Task details
No picture belongs in the answer, which must hold exactly the lines from the one with "МНЯМС консервы д/кошек, Курица" through the final line below.

(Crawled caption data)
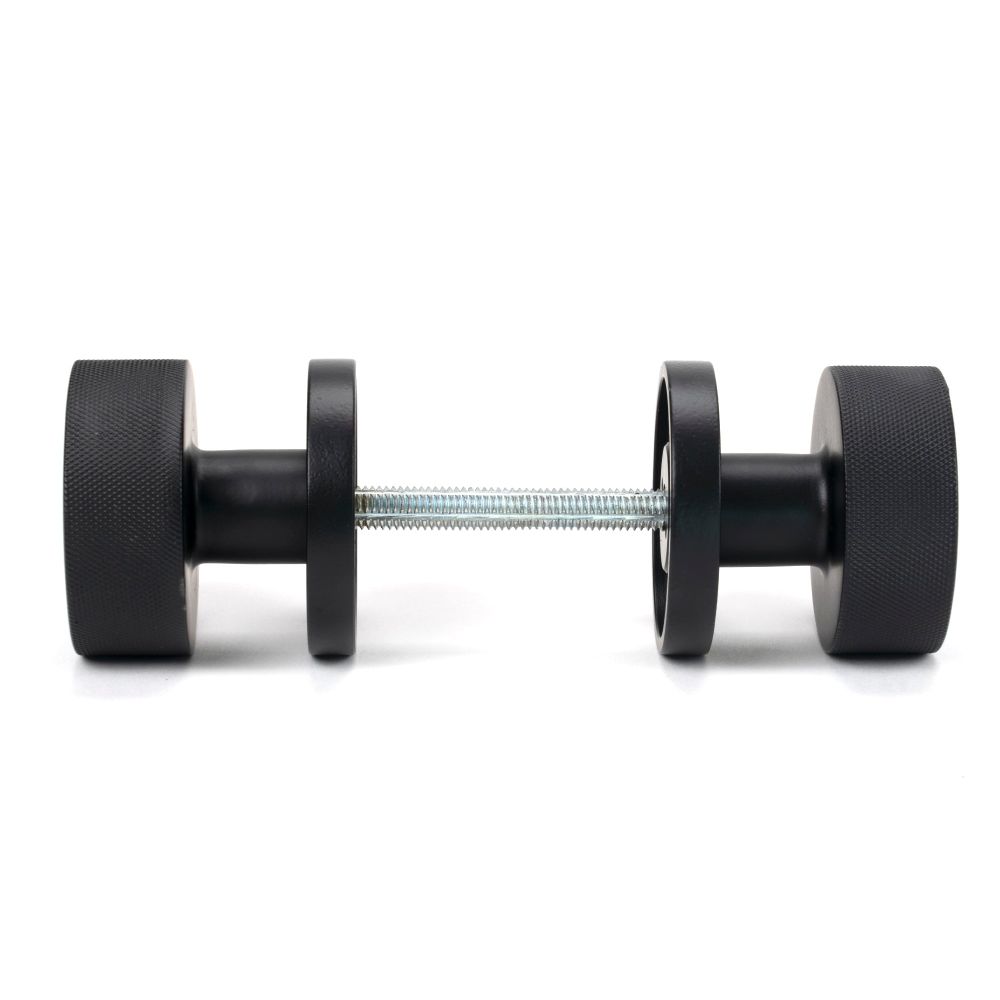 From The Anvil - Matt Black Brompton Mortice/Rim Knob Set (Plain) | Sku. 46798 | Trade Door Handles.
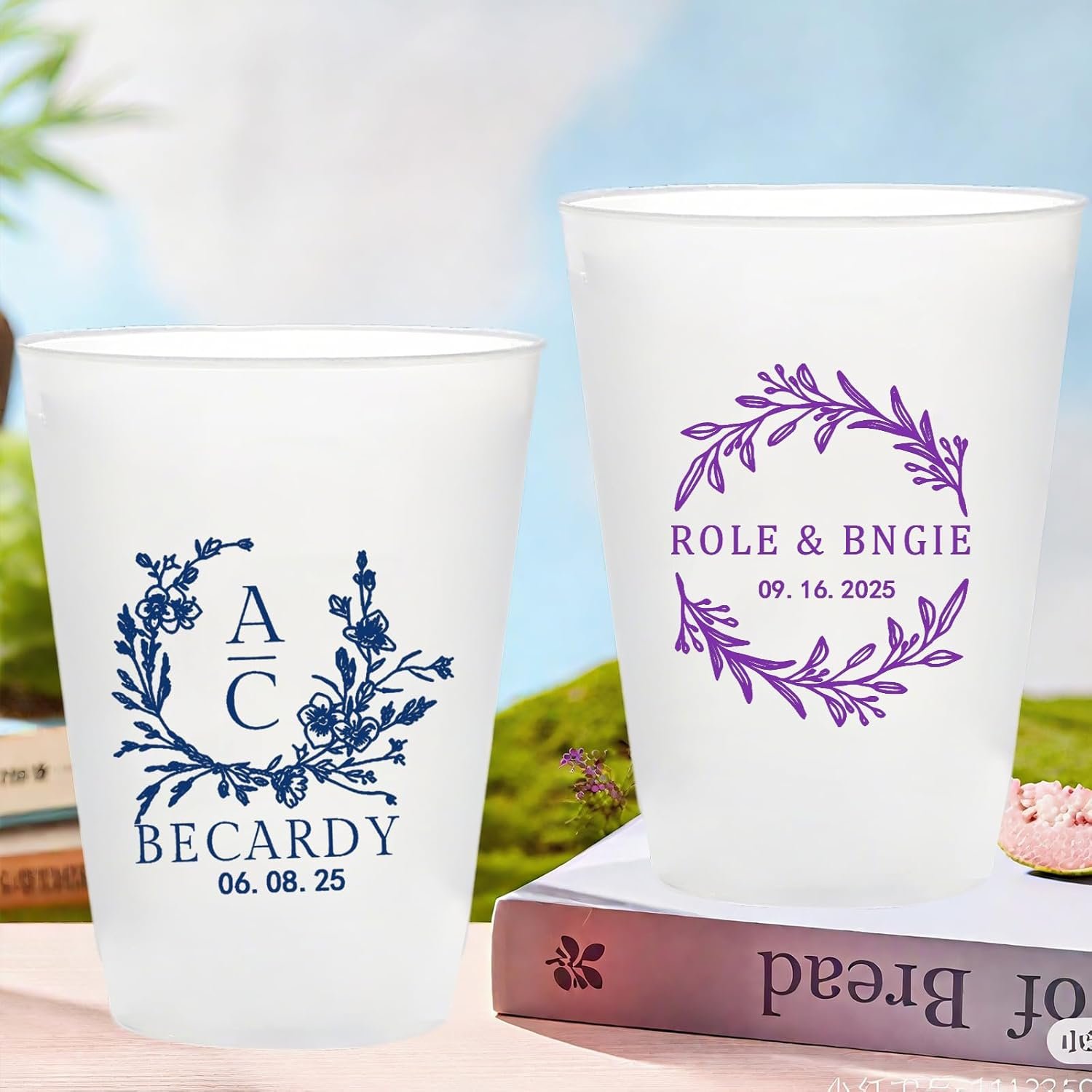 Großhandel personalisierte Frosted Hochzeitsbecher 12 oz, individuelles Logo für Engagement Party Becher, OEM benutzerdefinierte Tassen in Bulk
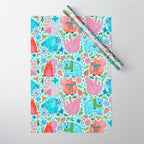 Winter Forest Woodland Animals in Arctic Blue Wrapping Paper Gallery Image 1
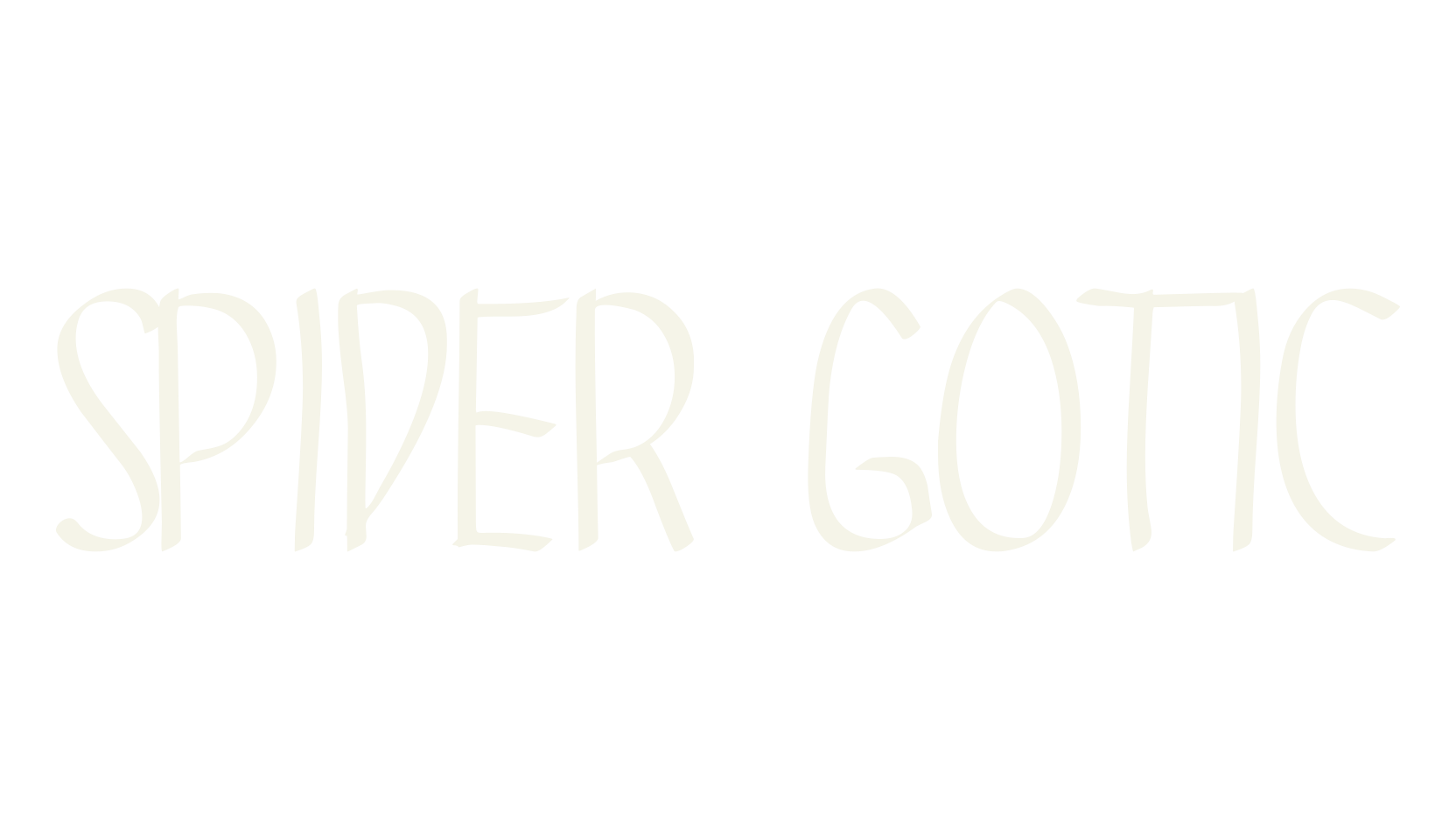 SPIDER GOTIC, display font preview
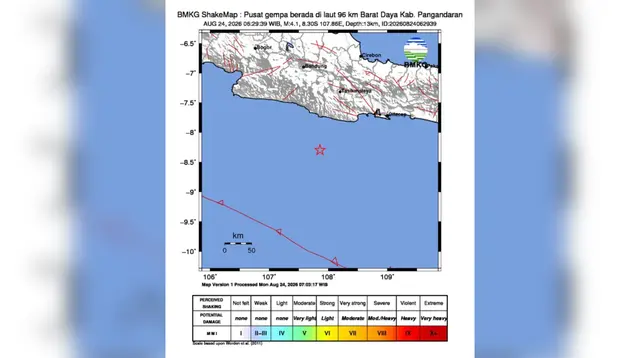 Gempa M 4,1 Guncang Pangandaran, Getaran Terasa hingga Cianjur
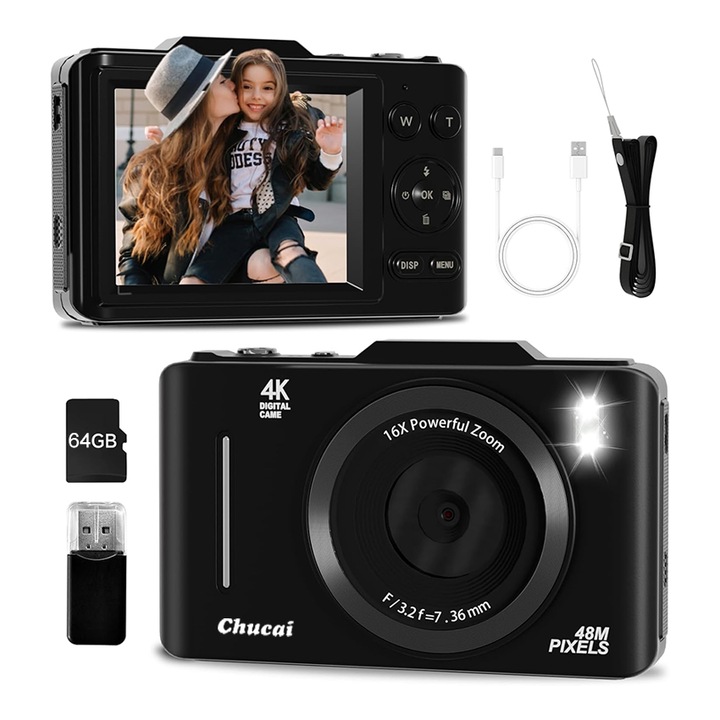 Chucai digitális fényképezőgép, 48 MP, 16x zoom, 2,8" képernyő, 64 GB, fekete, 10,4x6,6x2,4 cm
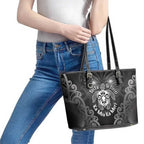 Aotearoa Toitu Te Tiriti Leather Tote Bag Ka Mua Ka Muri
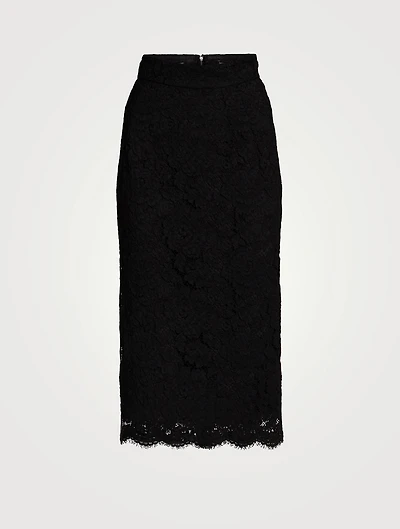 Stretch Lace Midi Skirt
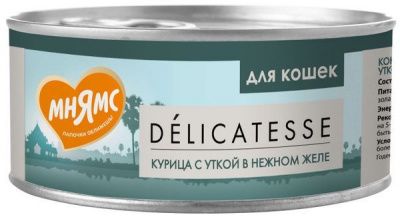 МНЯМС консервы д/кошек, Курица с уткой в нежном желе,  70 г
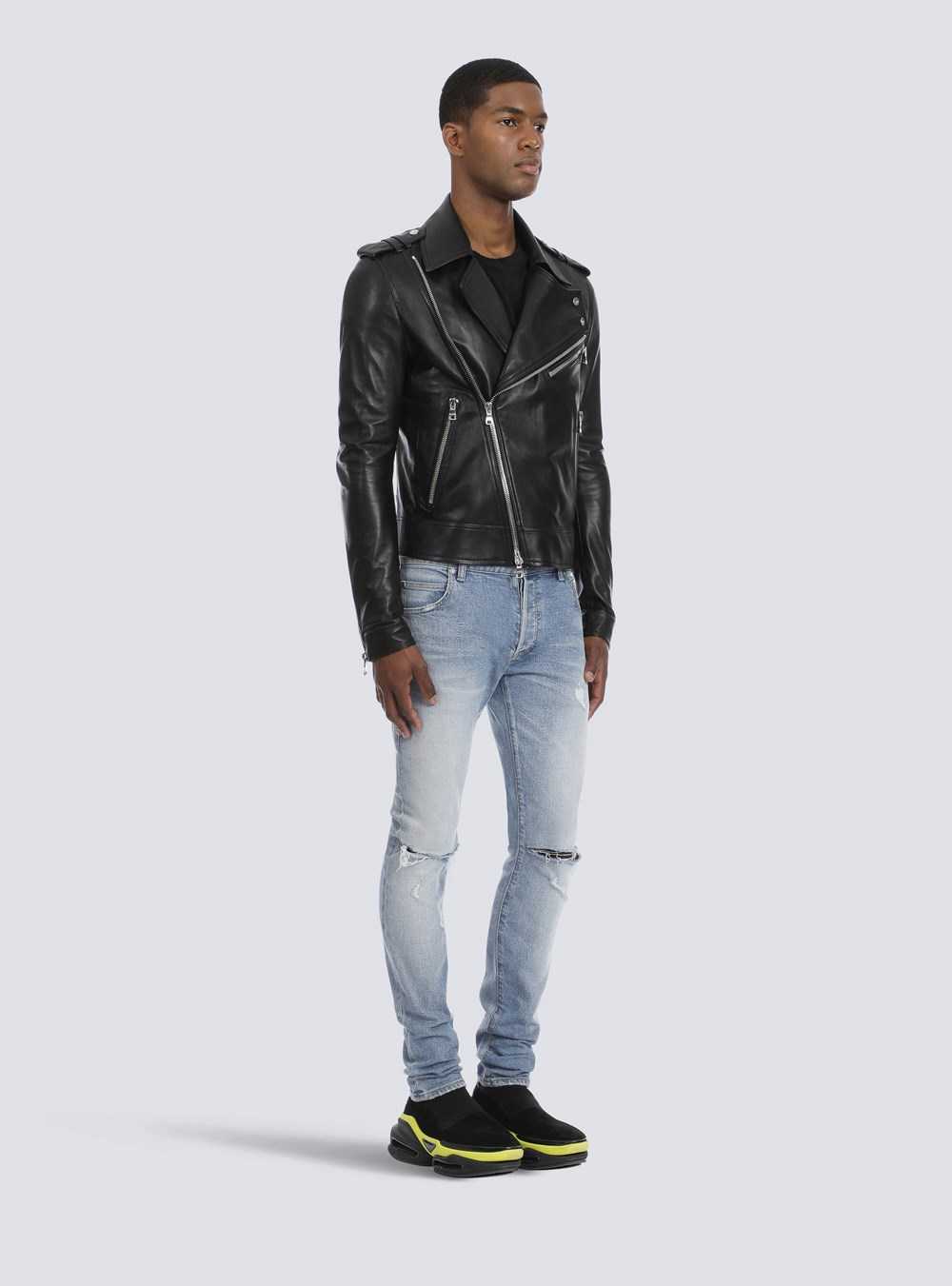 Balmain Leather Biker Jacket Black | TZGNQOC-26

Expected answer
 МНЯМС консервы д/кошек, Курица с уткой в нежном желе,  70 г
 Balmain Leather Biker Jacket Black | TZGNQOC-26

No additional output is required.